0

I am working on python 2-3 compatibility. When working with str and byte types, there is an issue I am coming across. Here is an example

# python 2
x = b"%r" % u'hello' # this returns "u'hello'"

# python 3
x = b"%r" % u'hello' # this returns b"'hello'"

Notice how the extra unicode u appears in the final representation of x in python 2? I need to make my code return the same value in python3 and python2. My code can take in str, bytes, or unicode values.

I can coerce the python 3 value to the python 2 value by doing

# note: six.text_type comes from the six compatibility library. Basically checks to see if something is unicode in py2 and py3. 
new_data = b"%r" % original_input
if isinstance(original_input, six.text_type) and not new_data.startswith(b"u'"):
    new_data = b"u%s"

This makes the u'hello' case work correct but messes up the 'hello' case. This is what happens:

# python 2
x = b"%r" % 'hello' # this returns "'hello'"

# python 3
x = b"%r" % 'hello' # this returns b"'hello'"

The problem is that in python 3 u'hello' is the same as 'hello', So if I include my code above, the result for both u'hello and 'hello' end up returning the same result as u'hello in python 3.

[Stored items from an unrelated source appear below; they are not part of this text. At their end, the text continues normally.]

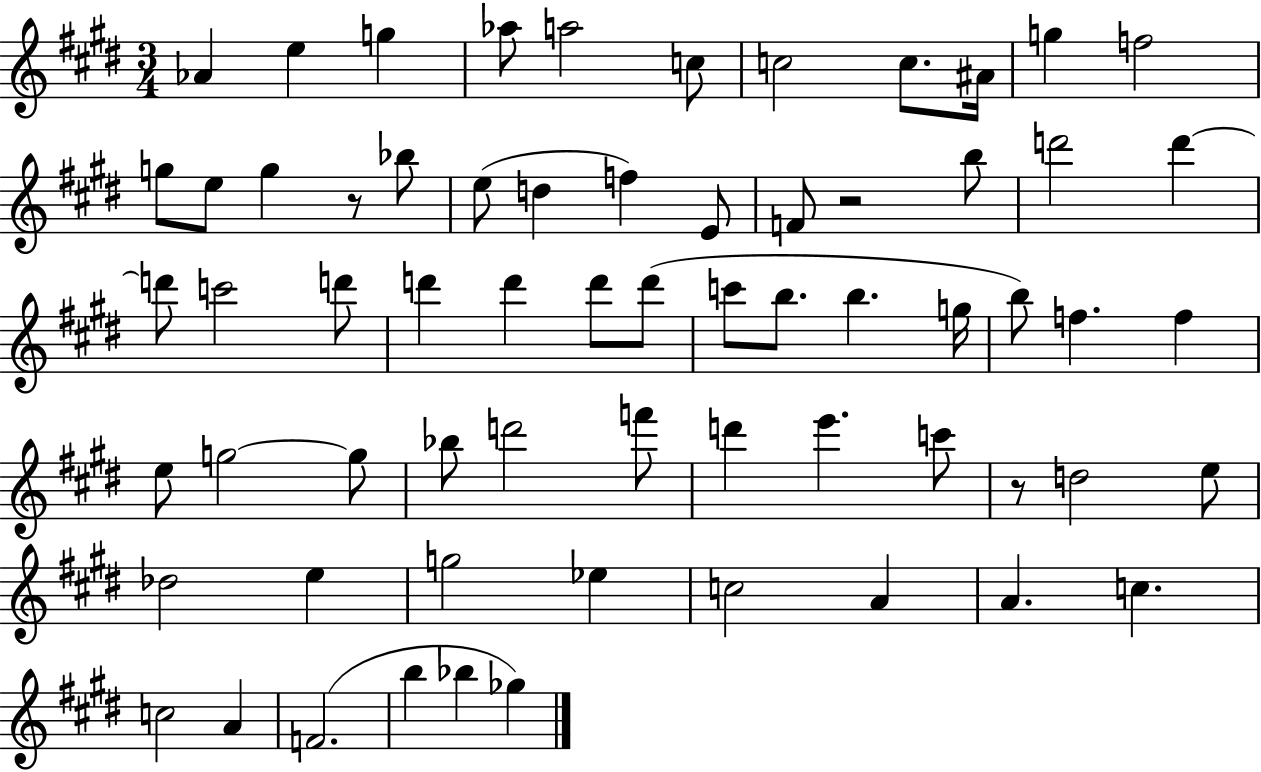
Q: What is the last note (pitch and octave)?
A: Gb5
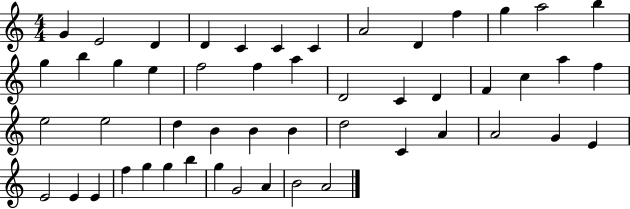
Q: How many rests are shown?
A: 0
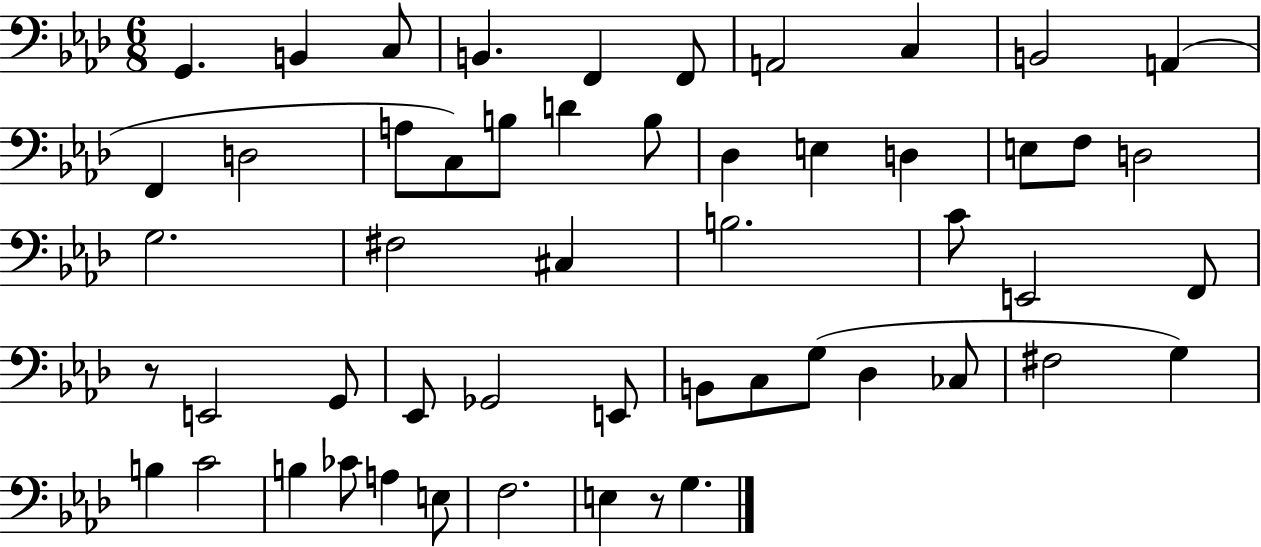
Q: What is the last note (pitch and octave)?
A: G3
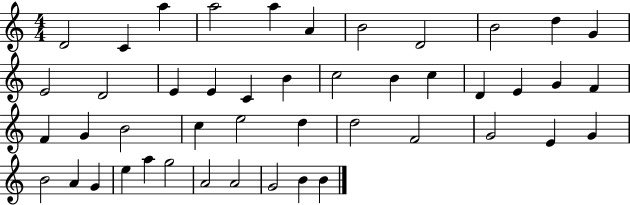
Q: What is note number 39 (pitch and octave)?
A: E5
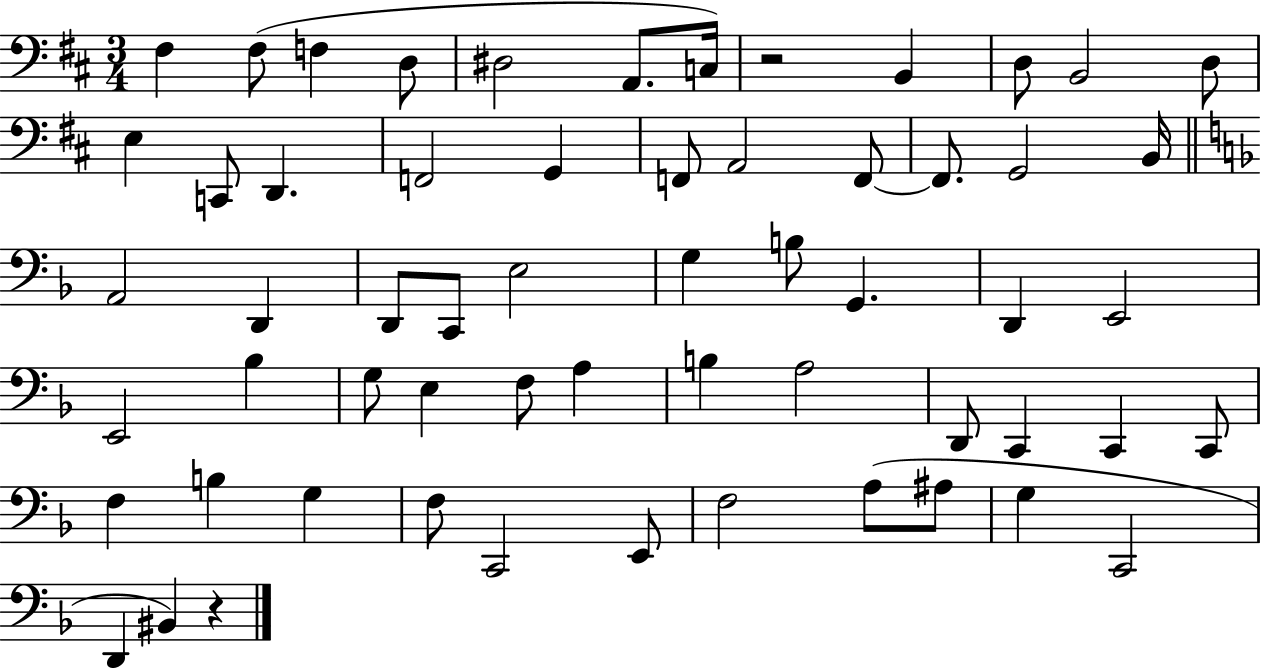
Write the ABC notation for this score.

X:1
T:Untitled
M:3/4
L:1/4
K:D
^F, ^F,/2 F, D,/2 ^D,2 A,,/2 C,/4 z2 B,, D,/2 B,,2 D,/2 E, C,,/2 D,, F,,2 G,, F,,/2 A,,2 F,,/2 F,,/2 G,,2 B,,/4 A,,2 D,, D,,/2 C,,/2 E,2 G, B,/2 G,, D,, E,,2 E,,2 _B, G,/2 E, F,/2 A, B, A,2 D,,/2 C,, C,, C,,/2 F, B, G, F,/2 C,,2 E,,/2 F,2 A,/2 ^A,/2 G, C,,2 D,, ^B,, z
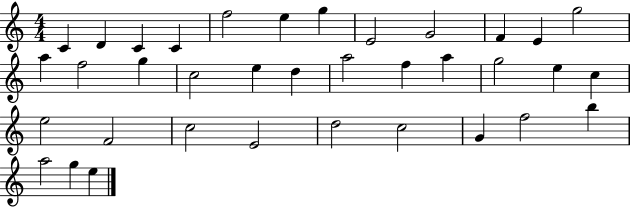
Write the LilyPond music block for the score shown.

{
  \clef treble
  \numericTimeSignature
  \time 4/4
  \key c \major
  c'4 d'4 c'4 c'4 | f''2 e''4 g''4 | e'2 g'2 | f'4 e'4 g''2 | \break a''4 f''2 g''4 | c''2 e''4 d''4 | a''2 f''4 a''4 | g''2 e''4 c''4 | \break e''2 f'2 | c''2 e'2 | d''2 c''2 | g'4 f''2 b''4 | \break a''2 g''4 e''4 | \bar "|."
}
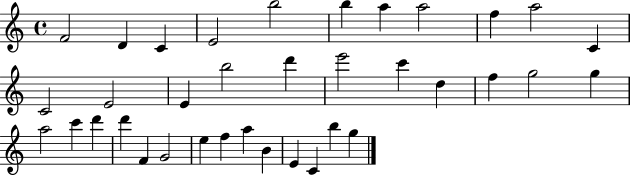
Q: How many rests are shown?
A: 0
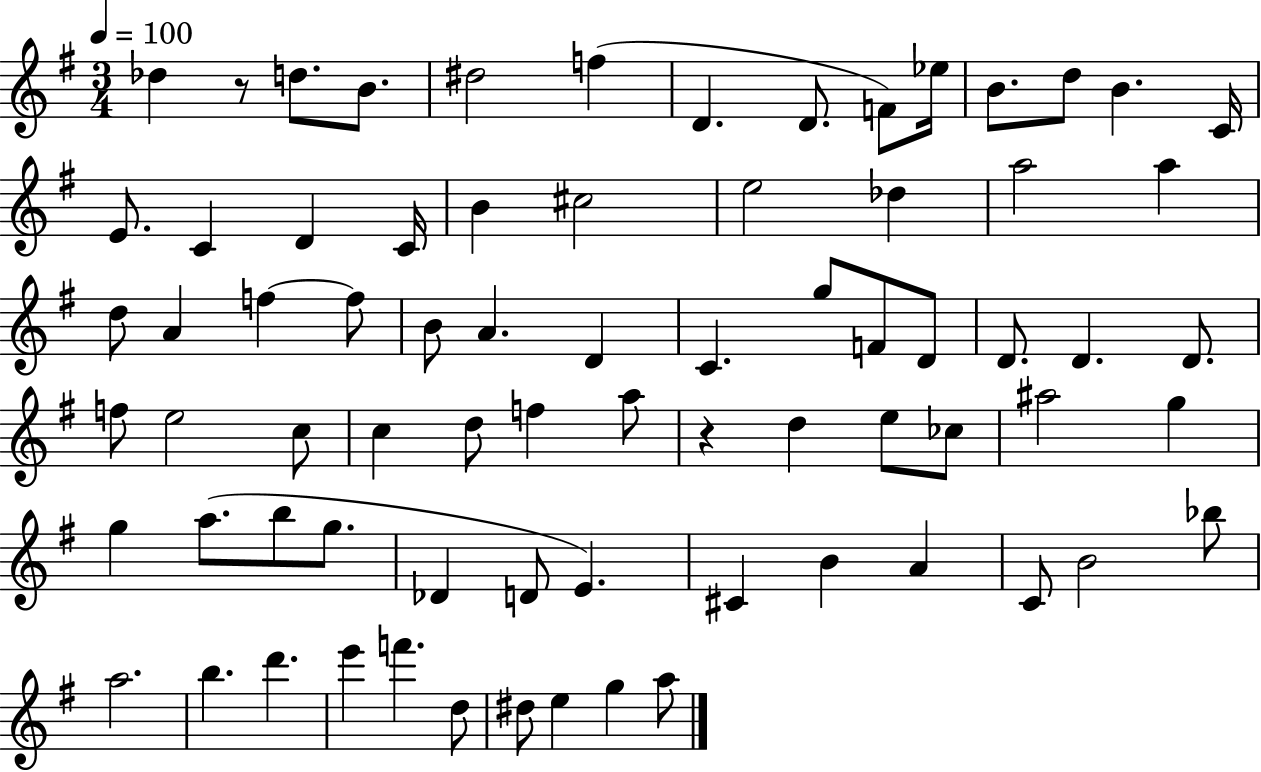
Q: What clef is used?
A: treble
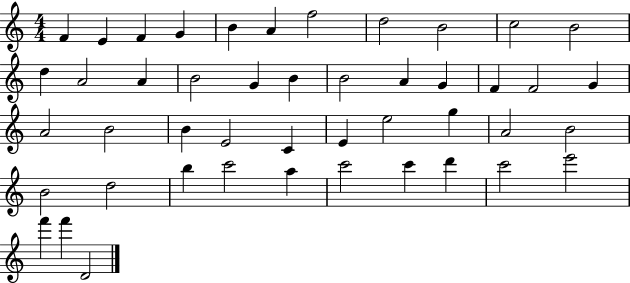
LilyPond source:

{
  \clef treble
  \numericTimeSignature
  \time 4/4
  \key c \major
  f'4 e'4 f'4 g'4 | b'4 a'4 f''2 | d''2 b'2 | c''2 b'2 | \break d''4 a'2 a'4 | b'2 g'4 b'4 | b'2 a'4 g'4 | f'4 f'2 g'4 | \break a'2 b'2 | b'4 e'2 c'4 | e'4 e''2 g''4 | a'2 b'2 | \break b'2 d''2 | b''4 c'''2 a''4 | c'''2 c'''4 d'''4 | c'''2 e'''2 | \break f'''4 f'''4 d'2 | \bar "|."
}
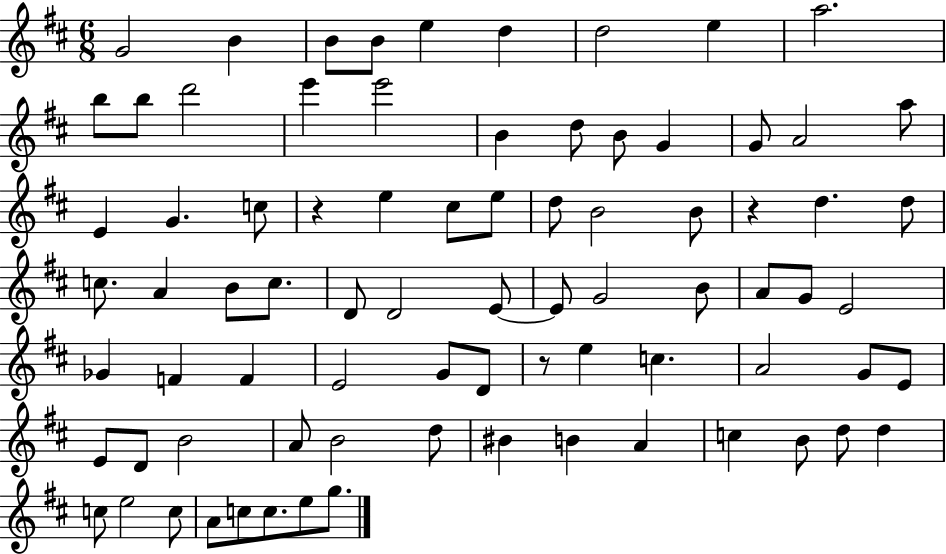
G4/h B4/q B4/e B4/e E5/q D5/q D5/h E5/q A5/h. B5/e B5/e D6/h E6/q E6/h B4/q D5/e B4/e G4/q G4/e A4/h A5/e E4/q G4/q. C5/e R/q E5/q C#5/e E5/e D5/e B4/h B4/e R/q D5/q. D5/e C5/e. A4/q B4/e C5/e. D4/e D4/h E4/e E4/e G4/h B4/e A4/e G4/e E4/h Gb4/q F4/q F4/q E4/h G4/e D4/e R/e E5/q C5/q. A4/h G4/e E4/e E4/e D4/e B4/h A4/e B4/h D5/e BIS4/q B4/q A4/q C5/q B4/e D5/e D5/q C5/e E5/h C5/e A4/e C5/e C5/e. E5/e G5/e.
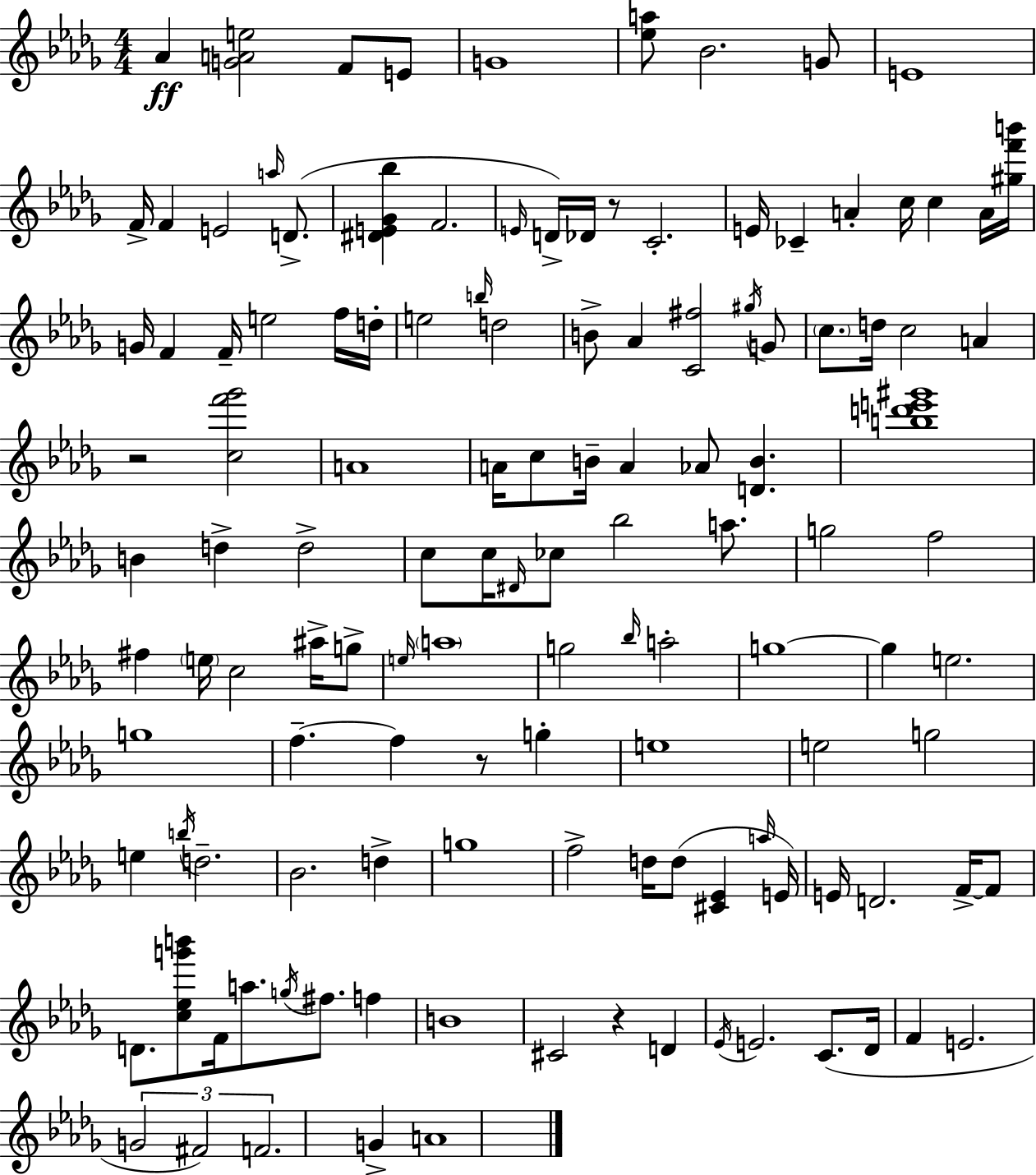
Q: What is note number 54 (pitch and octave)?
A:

So I need some kind of way to tell if a python 3 input string explicitly has specified the u in front of the string, and only execute my code above if that case is satisfied.

fooiey
  • 1,040
  • 10
  • 23
  • I think in Python 3 all strings are Unicode, that's why it no longer uses the `u` prefix. – Barmar Dec 19 '21 at 20:26
  • Yeah I think Barmar is right, if you do `type("")` and `type(u"")` in Python3, both give `str`, but in Python2 they give `str` and `unicode`. So maybe you could go the other way and make sure the `u` doesn't show up in Python2 if that's possible with your requirements. – Henry Woody Dec 19 '21 at 20:28
  • 4
    This is like trying to get your code to do different things with `f(1+1)` and `f(2)`. Why are you trying to do this? You probably need to change how you're approaching the underlying goal. – user2357112 Dec 19 '21 at 20:29
  • Right, but because in python 2 passing in explicit unicode string vs a normal string return different values, I need some way of differentiating this in python 3. Yeah, I suppose another option is removing the support for passing in explicit unicode strings in python 2. – fooiey Dec 19 '21 at 20:30
  • @user2357112supportsMonica, I have legacy code that in theory can take in all 3 types of data (b'hello', 'hello', and u'hello') and in the process of migrating to python3 want to make sure that it doesn't produce a different kind of output given the exact same inputs. – fooiey Dec 19 '21 at 20:32
  • You should find the code that distinguishes between `str` and `unicode`, and see what the str-specific part does in Python 3 when given a string that contains Unicode. – Barmar Dec 19 '21 at 20:45
  • 1
    @fooiey: But you don't *have* 3 types of data. You have 3 ways of writing 2 types of data. You need to figure out where `'asdf'` needs to be bytes and where it needs to be Unicode and handle each case appropriately, not try to invent a third data type - and when I say you need to figure this out, I mean an actual human thinking about things in the process of code migration, not some sort of function logic that would handle it automatically. – user2357112 Dec 19 '21 at 20:53
  • Do you need code that can run in python2 or python3 and produce a specific output, regardless of what the input type is, from the three types 'str', 'unicode', 'bytes' -- some of which are only defined specific versions of python? – Kenny Ostrom Dec 19 '21 at 21:02
  • 2
    The short answer is, *you can't tell*, not inside Python code, anyway. The `u` string prefix in Python 3 is a no-op and is there purely to ease migration of Python 2 code. To illustrate this, type `u"hello" is "hello"` at a Python 3 prompt. You will get `True`. To do what you want you are going to have to parse the source code yourself. Though that should be enough to make it clear that your approach needs work. – BoarGules Dec 19 '21 at 22:25
  • FYI, Python 2 is officially not supported (EOL). I have successfully completely abandoned it. – Keith Dec 20 '21 at 01:22

1 Answers1

0

It's a simple matter of knowing what version of python you are currently executing, and looking at the type of the input. Of course, this is just taking what data you have and producing a consistent output. It's not going to recover syntactic sugar from the "original source code" because that's not the data you have to work with. I'm just going for a consistent output like you asked for when you said, "I need to make my code return the same value in python3 and python2."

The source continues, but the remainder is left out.